Just as the Coach And Horses pub itself seems stuck in the past, so the play feels like a throwback to a different era. The women in Bernard’s life are reduced here to a series of increasingly infuriated answerphone messages, and his casual indifference to them seems cruel until you realise that he’s indifferent about, well, almost everything. Removing all the other live actors and turning the play into what is essentially now a monologue makes it feel more than ever like a study in loneliness, however un-self pitying the central character. Still, this is a soured, ash-stained love letter to a Soho that’s now mostly lost to coffee shop chains, unaffordable apartments and other signs of urban gentrification.

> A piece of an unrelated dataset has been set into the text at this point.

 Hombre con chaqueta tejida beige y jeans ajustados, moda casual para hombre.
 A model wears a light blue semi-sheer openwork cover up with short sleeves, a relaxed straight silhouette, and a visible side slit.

Hillier’s staging consists mainly of having Bathurst circling the bar so that everybody can see him, and might benefit from more periods of stillness, although that could be difficult in such an idiosyncratic space. It undoubtedly nails the sense of seedy grandeur that attended Bernard and his ilk however, and has the unmistakable feeling of being a unique event. I saw the original production and, despite the magnificence of O’Toole, found it a bit overlong and self-indulgent; I actually preferred this one. It’s a celebration of, and lament for, a Soho that will never return, and one of its most unashamedly notorious denizens.